» RECORDED INFORMATION:
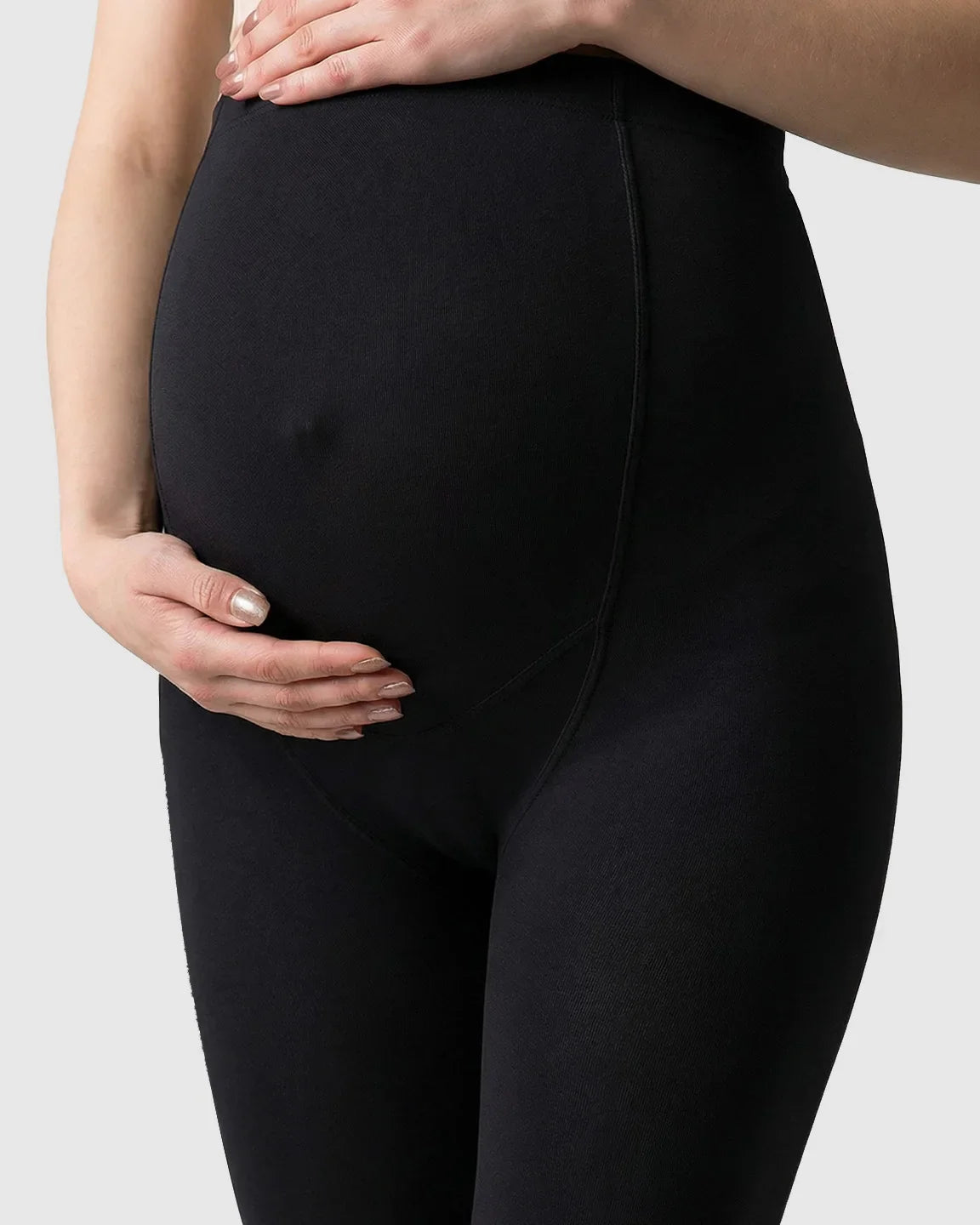 Black fleece-lined over-bump maternity leggings with a pregnant woman's hands cradling her belly.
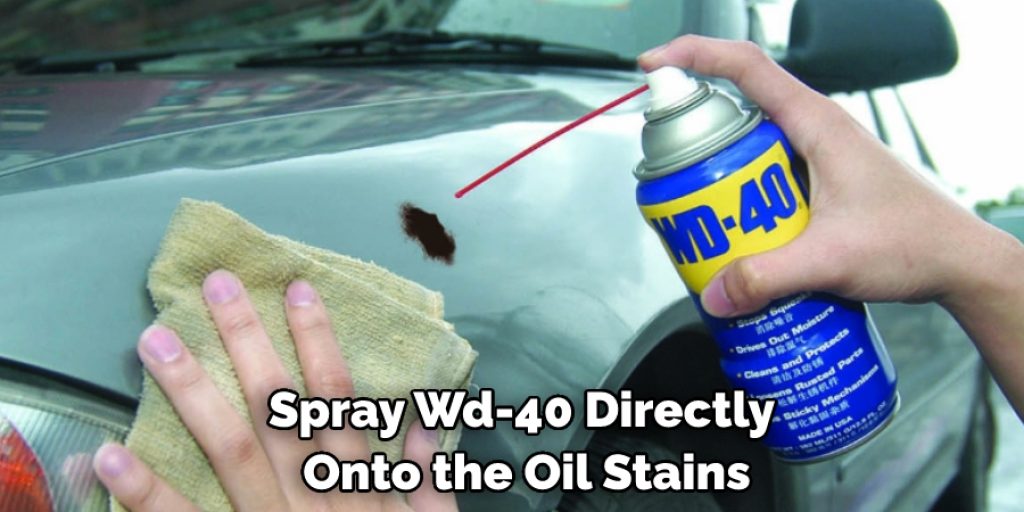Spray Wd-40 Directly  Onto the Oil Stains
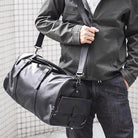 Black leather weekend bag with adjustable strap held by a person in a stylish outfit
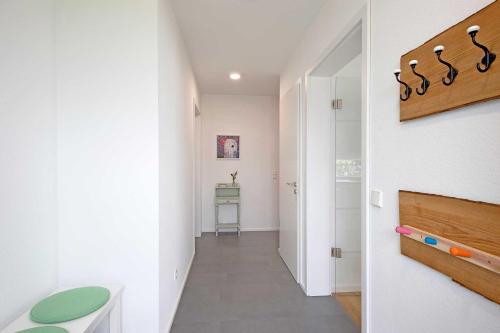 a hallway of a house with white walls and a staircase at Ferienhaus Moos in Wasserburg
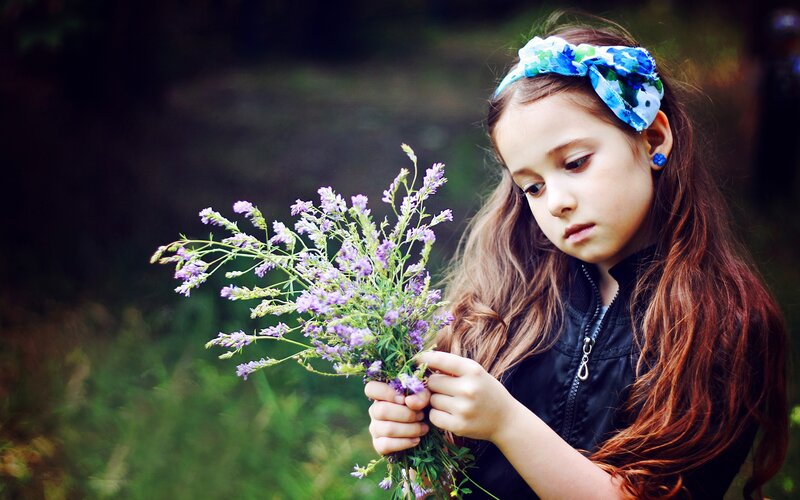 girl holding wildflowers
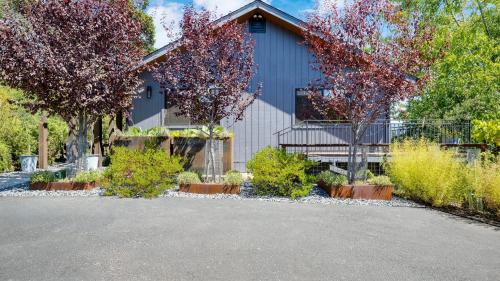 a house with trees in front of a driveway at Kenwood Vista by AvantStay 7acres w Pool Fire Pit Vineyard Views in Kenwood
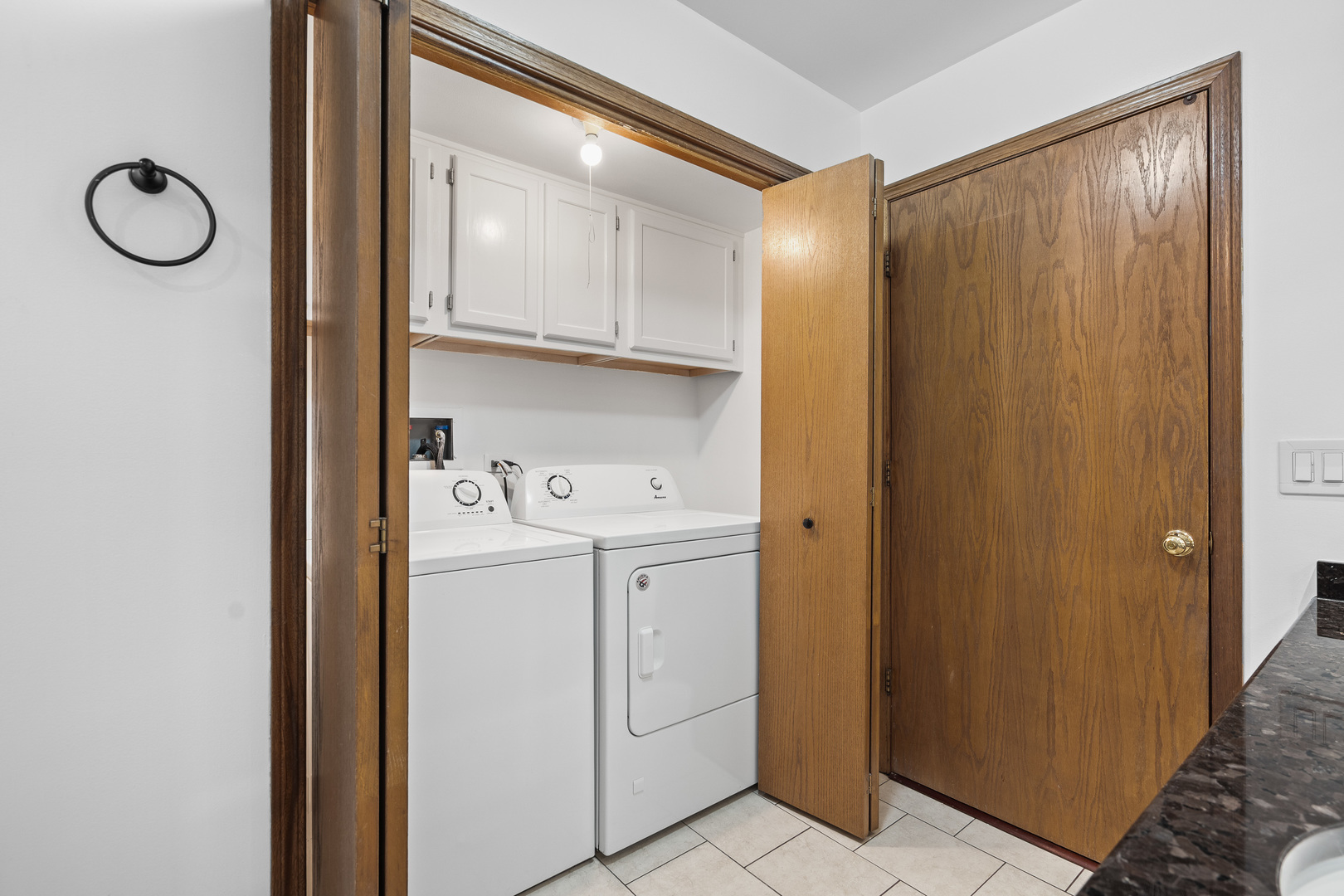 6400 West Berteau Avenue, Unit 405 Chicago, IL 60634 - Photo 16 of 22 a view of washer and dryer with kitchen in the background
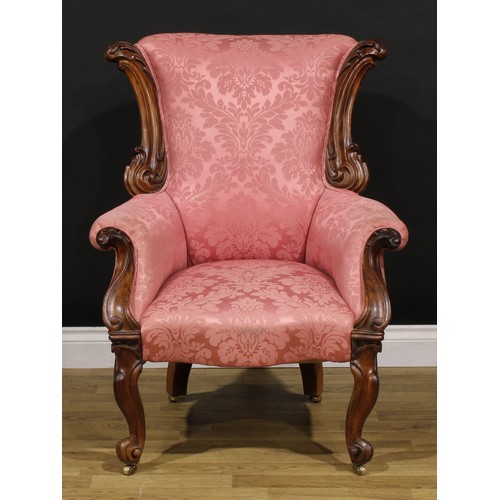 1443 - A Victorian walnut drawing room chair, possibly Scottish, carved throughout with scrolling acanthus,... 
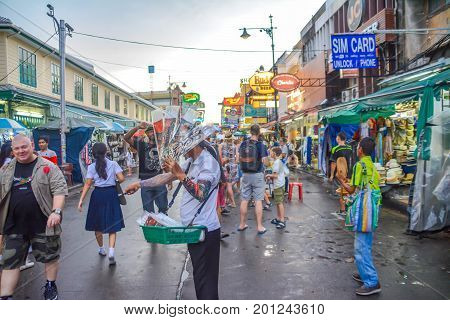 Bangkok, Thailand - August 23, 2017: People walking along the busy streets of Khao San Road in Bangkok, Thailand.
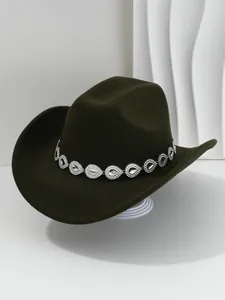 Detail shot of a dark green cowboy hat with a shimmering rhinestone teardrop band.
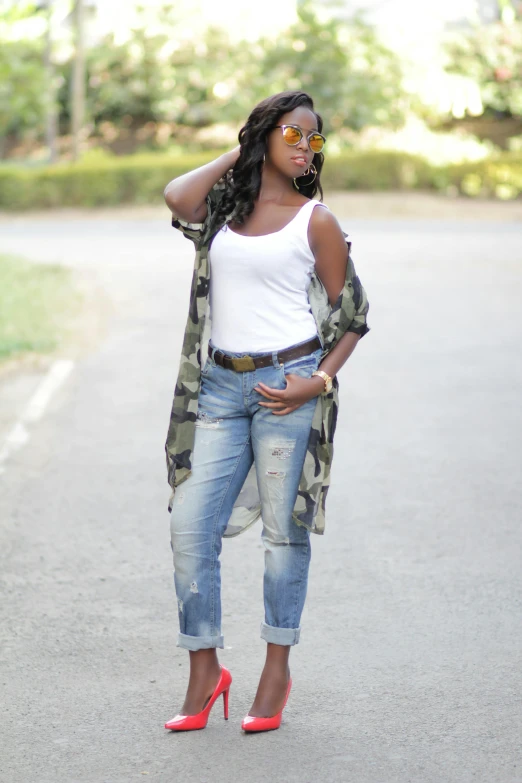 a woman standing on the street in her white shirt and jeans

» TASK PROMPT:
What is needed is a word-for-word restatement of the lines from the one holding "Bangkok, Thailand - August" to the final line of the data above, inclusive, without any pictures.

» TASK OUTPUT:
 Bangkok, Thailand - August 23, 2017: People walking along the busy streets of Khao San Road in Bangkok, Thailand.
 Detail shot of a dark green cowboy hat with a shimmering rhinestone teardrop band.
 a woman standing on the street in her white shirt and jeans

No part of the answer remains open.